[Data excerpt — start]

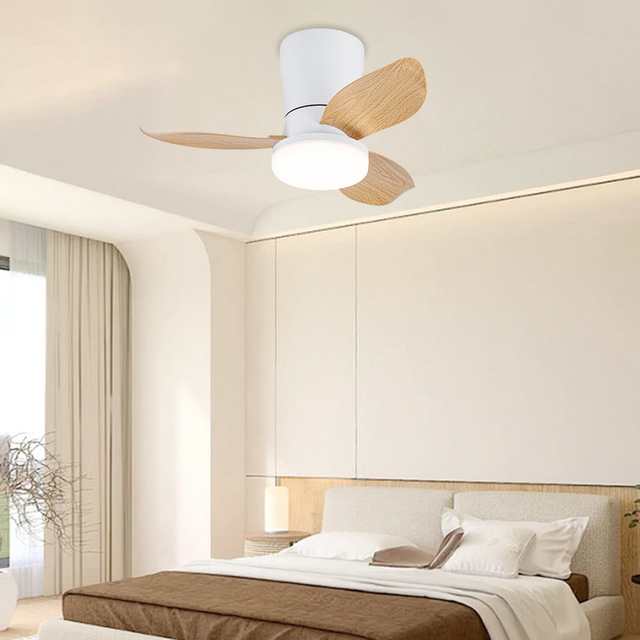 Modern 24-inch Ceiling Fan With Led Lamp and Remote Control New Abs Body for Living Room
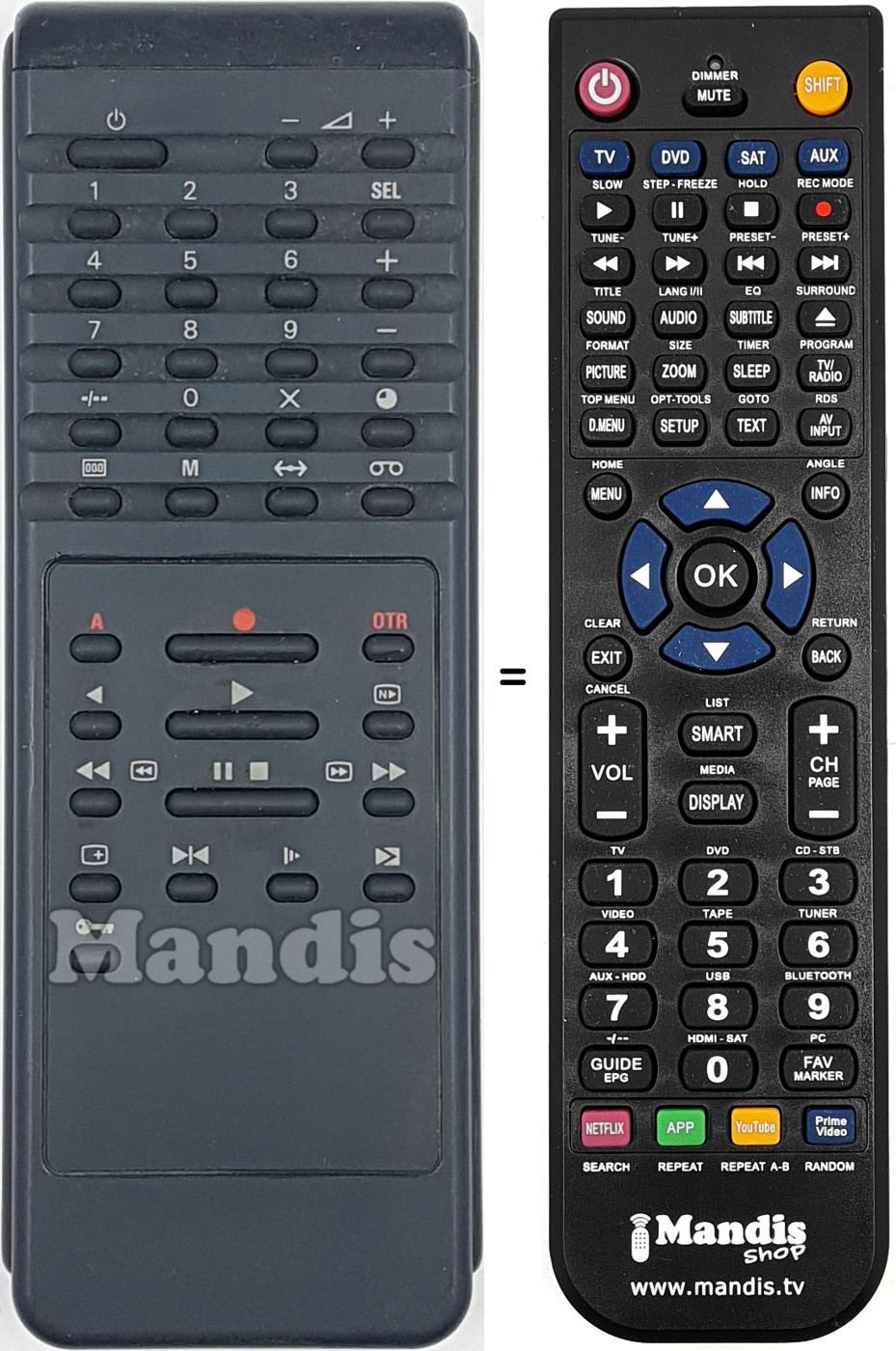 Comandos à distância equivalente 862266102701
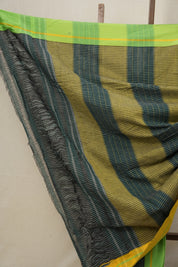 Green Big Checks Cotton Patteda Anchu Saree - SRGPAS223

[Data excerpt — finish]

What you need to do
Exclude every picture, then reproduce the remaining data character for character.

Task response
 Modern 24-inch Ceiling Fan With Led Lamp and Remote Control New Abs Body for Living Room
 Comandos à distância equivalente 862266102701
 Green Big Checks Cotton Patteda Anchu Saree - SRGPAS223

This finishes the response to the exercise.